- Relator(a)
- Augusto Cesar Leite de Carvalho
- Órgão julgador
- 6ª Turma
- Data do julgamento
- 05/05/2021
- Data de publicação
- 07/05/2021
TST – Recurso de Revista 0000664-46.2019.5.13.0012, Rel. Augusto Cesar Leite de Carvalho, 6ª Turma, j. 05/05/2021, p. 07/05/2021
EMENTA: RECURSO DE REVISTA INTERPOSTO NA EFICÁCIA DA LEI 13.467/2017 . SERVIDOR PÚBLICO CELETISTA ADMITIDO SEM CONCURSO PÚBLICO ANTES DE 5/10/1988, NÃO ABRANGIDO PELO ART 19, CAPUT, DO ADCT. CONVERSÃO DE REGIME JURÍDICO, DO CELETISTA PARA O ESTATUTÁRIO, SEM PRÉVIA APROVAÇÃO EM CONCURSO PÚBLICO. TRANSCENDÊNCIAS SOCIAL E POLÍTICA CONFIGURADAS. Considerando que o apelo foi interposto por empregada e envolve debate correlato ao decidido pelo Tribunal Pleno do TST no processo ArgInc nº 105100-93.1996.5.04.0018, verifico a existência de transcendência social e política.

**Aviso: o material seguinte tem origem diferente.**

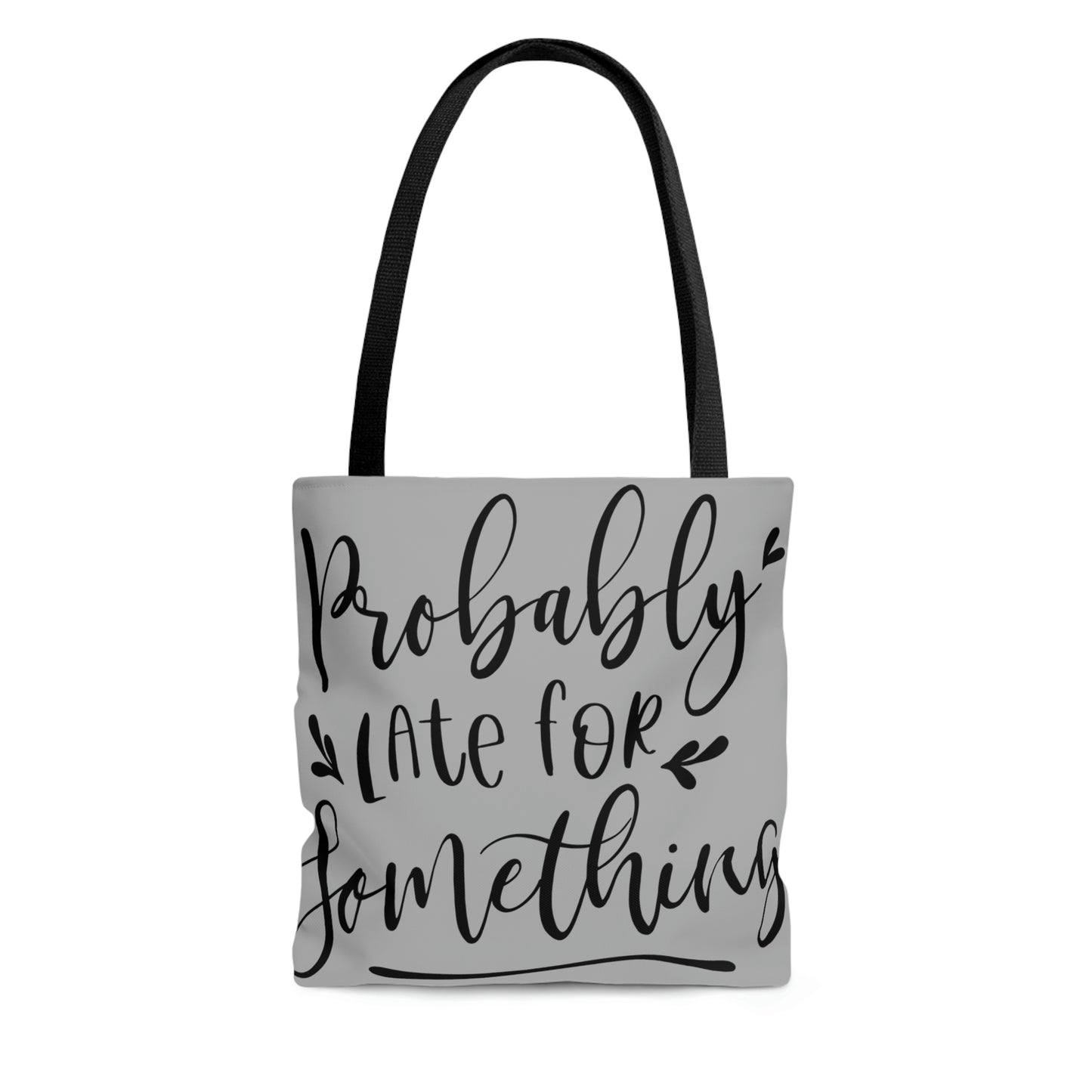 Probably late for something - AOP Tote Bag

SERVIDOR PÚBLICO CELETISTA ADMITIDO SEM CONCURSO PÚBLICO ANTES DE 5/10/1988, NÃO ABRANGIDO PELO ART 19, CAPUT, DO ADCT. CONVERSÃO DE REGIME JURÍDICO, DO CELETISTA PARA O ESTATUTÁRIO, SEM PRÉVIA APROVAÇÃO EM CONCURSO PÚBLICO. REQUISITOS DO ART. 896, § 1º-A, DA CLT , ATENDIDOS. Encontra-se pacificado, no âmbito desta Corte e do STF, o entendimento de que o servidor contratado sem concurso público antes da promulgação da Constituição Federal de 1988 e após o marco previsto no art. 19 do ADCT, não pode ter contrato de trabalho automaticamente convertido do regime celetista ao estatutário, o que somente pode acontecer na hipótese de ser aprovado em concurso público. Em outras palavras, o servidor contratado sem certame público antes de 5/10/1988, mas ao qual não se aplique a estabilidade prevista no art. 19, caput , do ADCT, permanece submetido ao regime da CLT, ainda que haja norma estadual ou municipal que estabelecendo a conversão deste regimepara o estatutário. No caso concreto, é incontroverso que a reclamante foi contratada sob o regime celetista e sem concurso público, em 02/05/1988 - e não se enquadra, portanto, na hipótese do art. 19 do ADCT. Consta do acórdão, ainda, que o Município reclamado editou a Lei Complementar 313, em 07/11/1994, a qual importou na conversão automática do contrato da autora ao regime estatutário, sem que aquela tivesse sido aprovada em certame público. Nesse diapasão, ao entender indevido o pagamento do FGTS referente ao período posterior à indevida conversão de regime, o Tribunal Regional maculou o art. 37, II, da Constituição Federal. Recurso de revista conhecido e provido. (Tribunal Superior do Trabalho (6ª Turma). Acórdão: 0000664-46.2019.5.13.0012. Relator(a): AUGUSTO CESAR LEITE DE CARVALHO. Data de julgamento: 05/05/2021. Juntado aos autos em 07/05/2021.)